Он поет. Такой момент, а он запросто стоит в этой допотопной старой ванне, на его голову и шею льется красная от ржавчины вода, а он поет. Это замечательно. И ужасно. Остановив взгляд на грязных желто-коричневых бараках для рядовых, расположенных за противоположной стороной учебного плаца, Томми энергично потерла руку и почувствовала, как ее глаза быстро наполняются слезами. Она не могла понять, отчего плачет: то ли от большой любви, то ли от обиды и гнева, то ли от глубокого уныния.
* * *
Они быстро укладывали под стальной брус полуфунтовые, в медной оболочке толовые шашки. В лицо ударяли волны гонимого с русла высохшей реки сухого, раскаленного воздуха. Когда все шашки были уложены, Дэмон прижал их деревянным бруском, а капрал Кэмпбелл начал передавать деревянные распорки и клинья сержанту Торри, который втискивал их между бруском и закраинами двутаврового стального бруса. Дэмон внимательно наблюдал за действиями Торри и одновременно, стараясь ничего не пропустить, умножал в уме двенадцать дюймов на тридцать пять сотых дюйма. Получилось четыре целых и две десятых квадратного дюйма. Ему никогда не нравилось подрывное дело. По его мнению, армия должна была не разрушать, а сохранять и поддерживать все в надлежащем порядке. Поэтому всякий раз, когда ему приходилось заниматься подобным делом, он ощущал какую-то потерю, какое-то поражение. Однако солдаты должны знать подрывное дело, и с этим приходилось мириться.
Кэмпбелл уронил одну распорку; стремительно бросившись вперед, чтобы поднять ее, он едва удержал равновесие, чуть было не упал и негромко выругался. Это был высокий стройный парень с сильными руками; во Франции он был механиком. Заметив неодобрительный взгляд сержанта Торри, он с испугом перевел взгляд на Дэмона.
– Виноват, – пробормотал он.
– Ничего, ничего, – мягко ответил Дэмон. – Распорок много, да и времени хватает, спешить некуда. – Это была неправда, особенно сегодня, на этих занятиях, и все хорошо знали это; однако слова Дэмона прозвучали довольно беззаботно, ободряюще. Пока Торри продолжал втискивать распорки и клинья, Дэмон осмотрелся вокруг. Капрал Уоллас и солдаты его отделения растянулись у дальнего конца моста-макета, там, откуда надвигался мифический «противник»; он и его солдаты лежали на земле, изготовив оружие к бою. В просвете между балками моста виднелся Хауленд, распростертый около ручного пулемета «браунинг»; левой рукой он крепко обхватил ствол пулемета позади прицела, а подбородок прижал к суставам пальцев. До чего же это замечательная идея – использовать отводной газ, который приводит в движение поршень и сжимает возвратную пружину, расположенную в цилиндрической трубке на стволе. Если бы у них во Франции был этот замечательный пулемет вместо неуклюжего «шоша», если бы он был у них во время наступления в районе Мёз – Аргонн…

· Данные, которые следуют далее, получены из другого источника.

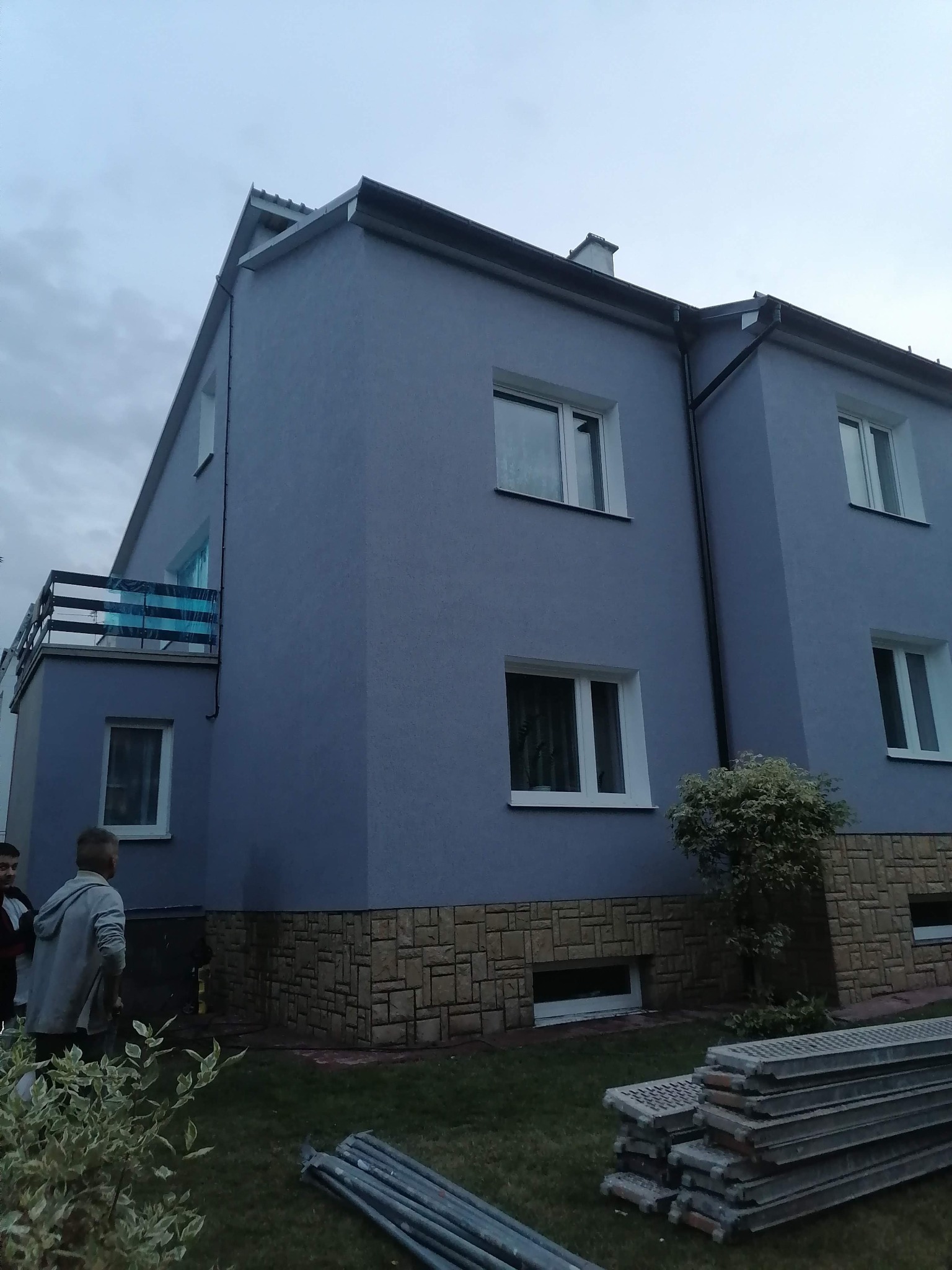 Dwupiętrowy budynek z szarą elewacją, wykończony kamieniem na dole, z widocznymi rusztowaniami i osobami w pobliżu, prawdopodobnie po świeżo zakończonym malowaniu.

Дэмон выбросил эту мысль из головы и перевел взгляд на второе отделение, расположившееся на ближнем «берегу реки». Все было правильно, все так, как написано в наставлении. Каждый находился там, где ему было предписано находиться. В тени зарослей на каменной глыбе сидел капитан Таунсенд и наблюдал за всеми в бинокль. Тянущиеся по его светлым щекам усы были похожи на полоски черной краски – причудливое продолжение бинокля.
Сержант Торри закончил укладку распорок. Взяв веревку, Кэмпбелл обмотал брус двойной петлей, а Дэмон, просунув под нее зубчатую рейку, стал затягивать петлю до тех пор, пока веревка не завибрировала, как струна, а распорки не прижались к медным оболочкам шашек. Давление. Давление увеличивает эффективность взрыва.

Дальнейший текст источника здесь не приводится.